How To End Index Gaming

 

 

Photo Credit: Mike_fleming

There was an article at Bloomberg on gaming additions to and deletions from indexes, and at least two comments on it (one, two).  You can read them at your convenience; in this short post I would like to point out two ways to stop the gaming.

  1. Define your index to include all securities in the class (say, all US-based stocks with over $10 million in market cap), or
  2. Control your index so that additions and deletions are done at your leisure, and not in any predictable way.

The gaming problem occurs because index funds find that they have to buy or sell stocks when indexes change, and more flexible investors act more quickly, causing the index funds to transact at less favorable prices.  You never want to be in the position of being forced to make a trade.

The first solution means using an index like the Wilshire 5000, which in principle covers almost all stocks that you would care about.  Index additions would happen at things like IPOs and spinoffs, and deletions at things like takeovers — both of which are natural liquidity events.

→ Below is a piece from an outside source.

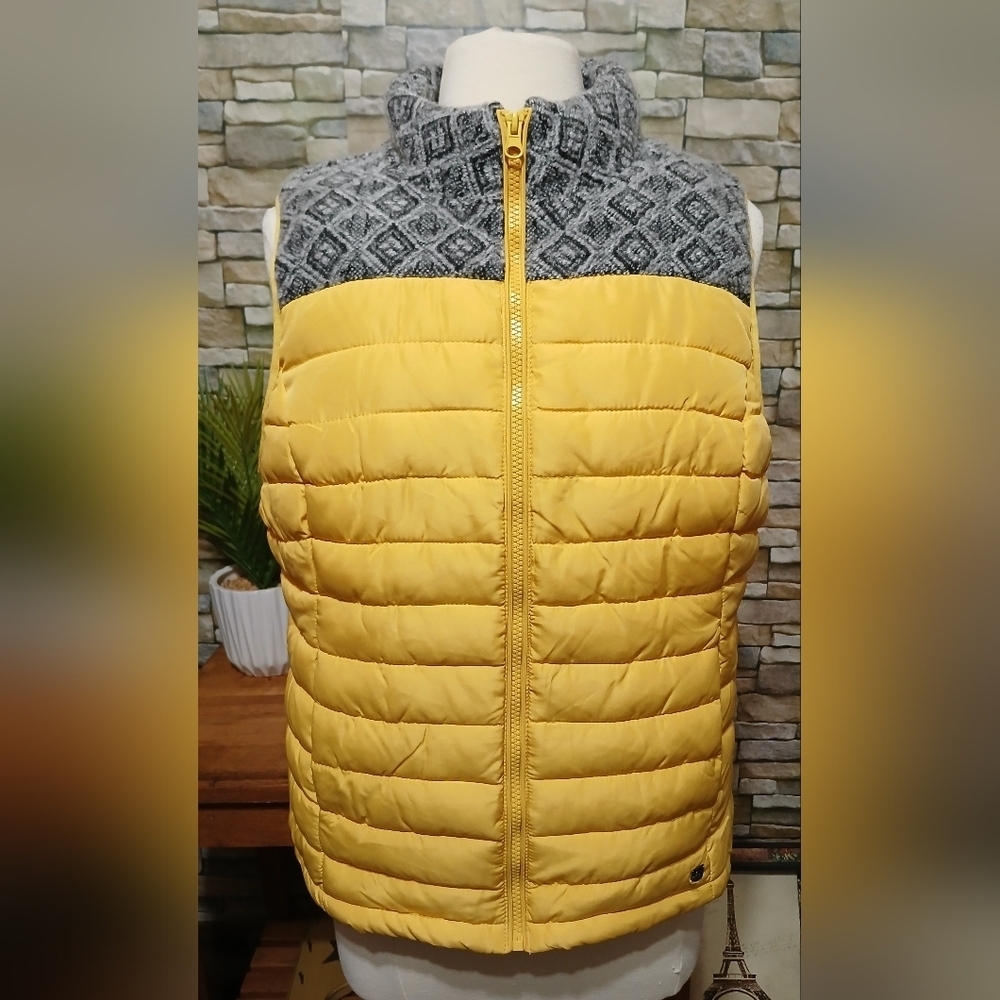 Ruff Hewn Yellow Puffer‎ Vest Large Cozy Outdoors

Solution one would be relatively easy to manage, but not everyone wants to own a broad market fund.  The second solution remedies the situation more generally, at a cost that index fund buyers would not exactly know what the index was in the short-run.

Solution two destroys comparability, but the funds would change the target percentages when they felt it was advantageous to do so whether it was:

  • Make the change immediately, like the flexible investors do, or
  • Phase it in over time.

And to do this, you might ask for reporting waivers from the SEC for up to x% of the total fund, whatever is currently in transition.  The main idea is this: you aren’t forced to trade on anyone else’s schedule.  The only thing leading you would be what is best for your investors, because if you don’t do well for them, they will leave you.